◆ About this task
Copy out every line of the material below, character for character, apart from the pictures.

◆ Given information
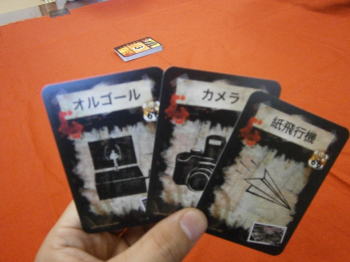 f:id:kaz20001:20120520210313p:image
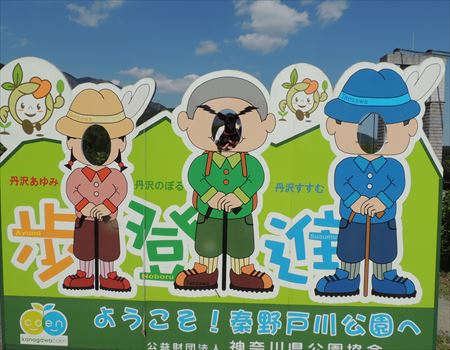 顔出しパネル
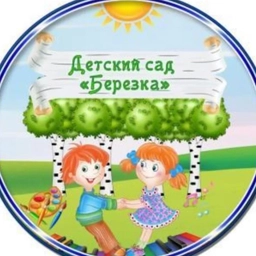 Аватар канала «МБДОУ Д/с "Берёзка" р. п. Чишмы.»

◆ Answer for the task
 f:id:kaz20001:20120520210313p:image
 顔出しパネル
 Аватар канала «МБДОУ Д/с "Берёзка" р. п. Чишмы.»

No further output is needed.